Why "good practice" can ruin good practice
When I was a graduate student, things were different. I didn't have to fill in many forms -- in fact, I think I just applied for a British Academy grant (as it then was) to work on a PhD in nothing more than "Roman history". I wasn't given a code of practice. If I wanted to learn something (like a new language), I went off and did it; I didn't demand a specially targeted Faculty class in it (Turkish for Roman historians, or whatever).
My supervisor didn't bother me too much (though he did give me a few big kicks towards the end). Whenever I wanted to see him I sent him a note (pre-email) and he would have me round, and I would stay for as long as it took to go over my work or my problems. If I wanted to talk to one of the other senior Faculty members, I would catch them after a seminar or in the library, and we would have coffee or (more often) a drink.
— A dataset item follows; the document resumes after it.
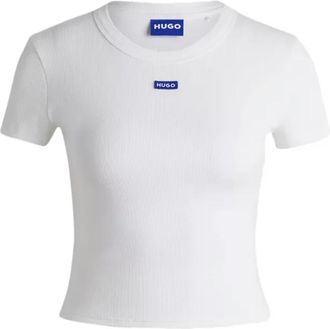HUGO BOSS Mujer, Camisetas, Blanco, Talla: M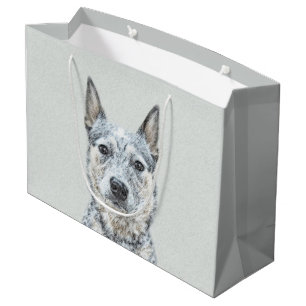 Australian Cattle Dog Painting - Niedliche Origina Große Geschenktüte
I am sure that this laid back, unregulated system let some students down (we all heard stories/urban myths about PhD students who had not seen their supervisors in 12 months). But it worked wonderfully for me and for many of my friends -- and probably much better than what we now offer to our graduates.
Now, if students want funding, they have to explain what they will discover before they start (the best applications are, as most of us suspect, written by the supervisor). When they arrive on their course, they are given codes of practice up to their ears -- they know how often they should meet their supervisors, they have regular reviews with other members of the Faculty, they have a secondary supervisor (in case their first one isn't good enough), and they even have log books in which they can register their contact with their supervisor (in which I fear a jolly good, intellectually productive, discussion in the pub doesn't quite count -- how wrong is that?).
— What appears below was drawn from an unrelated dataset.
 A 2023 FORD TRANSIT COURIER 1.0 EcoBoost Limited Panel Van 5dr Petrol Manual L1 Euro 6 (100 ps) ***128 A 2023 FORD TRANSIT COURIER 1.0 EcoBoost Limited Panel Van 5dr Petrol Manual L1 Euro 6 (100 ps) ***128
All these initiatives were, I am sure, very well intentioned. They were intended to make sure that PhD students didn't go for 12 months without seeing their supervisors, or didn't take seven years to finish their theses, or, worse still, didn't fail at the end of the process. But I do wonder if the baby hasn't been thrown out with the bath water. To put it another way, despite (or because of) our good intentions, I suspect that most graduate students now have a worse "learning experience" than we did -- at a time before we knew what a "learning experience" was.
The point is that I am now so busy with supervising, being a secondary supervisor, interviewing applicants for graduate funding, doing first, second and third year reviews -- that I am simply not available any more to meet a graduate student for coffee after half a morning in the library. So I go through the tick box routines, but don't any longer have the time to chill out with a student, doing what I am best at (and what my own teachers were best at) -- which is just talking about the ancient world.
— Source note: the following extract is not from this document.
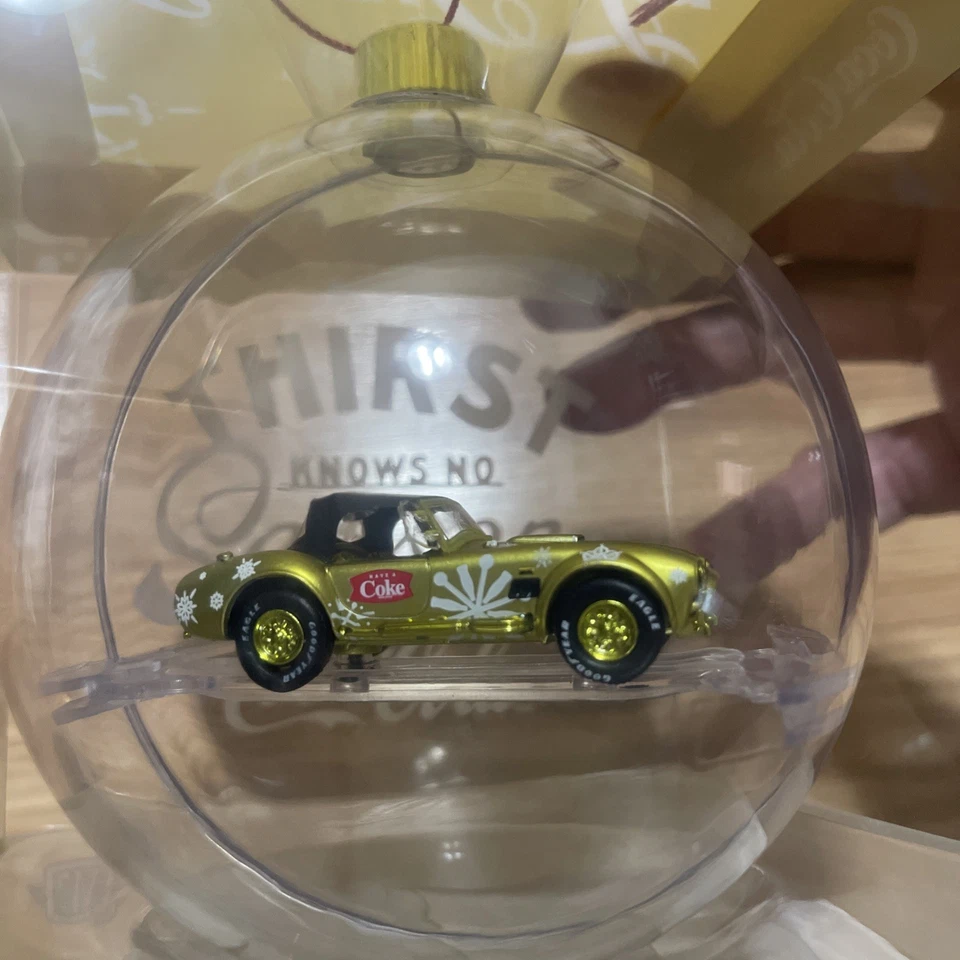 2025 M2 Machines Christmas Ornament Chase 1/750 Coca-Cola 1965 Ford Shelby Cobra - Image 2 of 4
And it isn't only a question of graduate students. Similar changes have happened in my relations with my colleagues and my undergraduates. When I started my lectureship at Cambridge (in 1984) we used often to go to each others lectures. It wasn't to rate them, but to learn -- yet of course if you were just starting out it was really useful to talk to your older colleagues about what you (or they ) had said. That useful practice has stopped, because we are all too busy going to the lectures of those we are officially 'mentoring' (tip-toeing around all the awkward issues, not wanting to come to a lecture if the lecturer might not be entirely happy, and then having an embarrassing and almost worthless feedback session). And we hardly ever have time to read each others' work, which was always one of the best things, the intellectual advantages, of being in Cambridge.
As for the undergraduates, I remember that when I was a student, supervisions went on as long as there was something interesting to say. That was the case too when I started teaching at Cambridge. Now I only rarely have a supervision that lasts more than an hour and a quarter. Why? Because my time is taken up promoting "good practice"and transparency. So now our students have access to all kinds of (true but unhelpful) documents on what kind of transferable skills they may gain from a Classics degree, or what distinguishes a first class degree from a 2.1. But they have less of my time, because I am writing this stuff, as well as being a supervisor, secondary supervisor, mentor, appraiser. whatever . . .You can get a flavour here.
One day, I hope, someone will look back on the way we spend all our time on process and paper trails (rather than doing the job and changing people's minds) and they will wonder where, when or why we forgot what we were really about.